Roger Clemens has been added to the ranks of those linked to steroid use — despite his most recent denial Tuesday. This is hardly a surprise to those of us who have worked the steroid beat over the years. In fact, as the ghostwriter for Jose Canseco’s tell-all memoir “Juiced,” I can now reveal that serious thought was given to including Canseco’s recollections of golf course conversations with Clemens about steroids. At the time, we decided to focus on players Canseco injected — since those revelations would carry the maximum impact.

Being more right about PEDs, and sooner, than most of the rest of us, Kettmann is probably entitled to his victory lap. But as is the case with Clemens himself, discretion should form the better part of Kettmann's valor.

Why? Because while Kettmann doesn't mention it in his letter, in June 2002 he wrote an article in the New Republic in which he raked Canseco over the coals, calling him a traitor and a money grubber for his then-recently announced plans to write a tell-all book outing the players he knew to be juicing. The same book, it must be noted, that Kettmann himself ended up writing.

While the article now seems unfindable online (if anyone can find it please shoot me a copy), the tone was pretty unctuous. True, he was dead on about many things in that piece (he nailed the then-unknown Brian McNamee to a tree and was naming Clemens name over five years before George Mitchell did), but he wasn't exactly sober, measured, reasoned, or graceful about it. He labeled anyone who differed from his view on the subject a "weasel." Most preposterously, he blamed steroid use on "the Bill James school of sports analysis," essentially suggesting that the sabermetric observation that home runs are more valuable than hit-and-run singles actually encouraged steroid abuse. I wondered at the time* if Kettmann also believed that a criminologist's observations encouraged crime.

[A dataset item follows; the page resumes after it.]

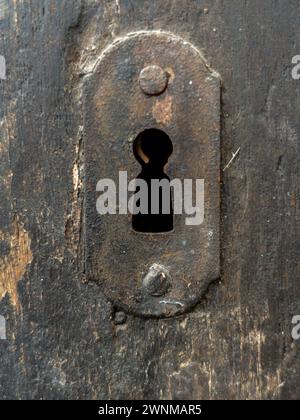 Couvrez-vous de vieux trou de serrure sur la porte en bois antique Banque D'Images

I still don't know.

Certainly Kettmann was annoyed in that old New Republic piece, but that annoyance seemed to be based just as much on the fact that the story that summer focused on steroids rather than his own reporting on steroids. Indeed, just as he does in this letter to the editor, Kettmann took quite a bit of space to remind people that he was the first man to out ballplayers for taking steroids, not amateurs like Canseco and Caminiti.

But I suppose that's just quibbling, and I suppose congratulations are in order to Mr. Kettmann. And we can all provide them just as soon as Kettmann is done doing it himself.

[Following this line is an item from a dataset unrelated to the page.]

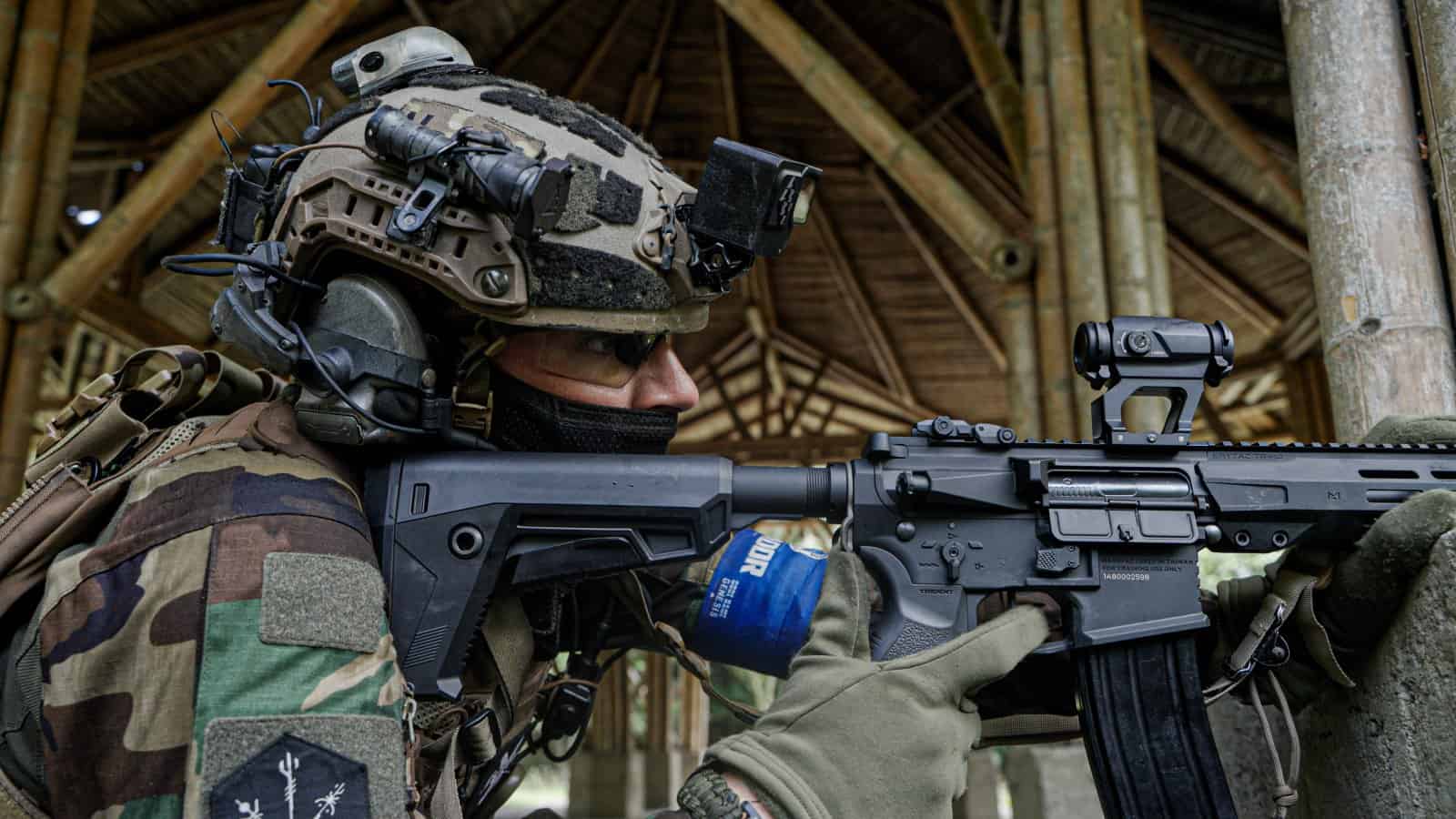Jugador de airsoft en posición durante una partida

Update: It's worth noting, upon 24 hours of reflection, that most of what stuck in my craw about this piece was the "see, I told you so" headline. It's also worth noting that it is almost always the case that the writer -- especially in the case of a letter to the editor -- doesn't write the headline. While I stand by my negative feelings about the New Republic piece from 2002, I would like to apologize to Kettmann for what may be an overreaction on my part.

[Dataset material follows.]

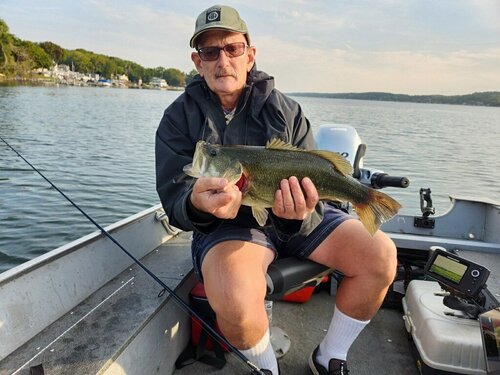 4.7 poundLMB on Conesus.JPG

*I fully cop to the fact that my 2002 piece bashing Kettmann was extraordinarily naive when it came to steroids, as was most of what I wrote that year. That doesn't change the fact, however, that Kettman's New Republic piece was fairly obnoxious.


Anonymous said...

A search of EBSCO Host turns up two other articles by Kettmann in TNR, but not the one you're looking for. Lexis/Nexis might have it (I doubt it), but that costs $$$. My best guess is that, for whatever reason, this is the one article for which he decided to retain the copyright.

Hank said...

I just asked a friend on another site who is with The New Republic and he said
"Our website switched platforms a few weeks ago, and the archives are not available online yet, to our great frustration. We can't get them ourselves. We have to go grab bound volumes and photocopy them."
the implication is that at some point in the future they will be available on line again. don't know if that helps but may explain why it disappeared from the web.


Ethan said...

Yeah, I remember that article. It's when I taught you the difference between flak and flack. See, I was on to this whole 'flack v. flak' controversy years before anyone else had figured it out. It's nice that subsequent sportswriting has vindicated my early work on the story that will define this era of baseball.

Ethan said...

May I also add that I love the fact that Google, in their wisdom, will allow me to write a blog post to my own blog simply by logging in with username and password, but to leave a comment on your blog, I also have to type a nonsense word. Because comments are oh so much more dangerous than blog posts!

Shyster said...

We have higher standards around here than you have at your blog.

Now, if you'll excuse me, I have to go find more pictures of Pete Rose in his underpants.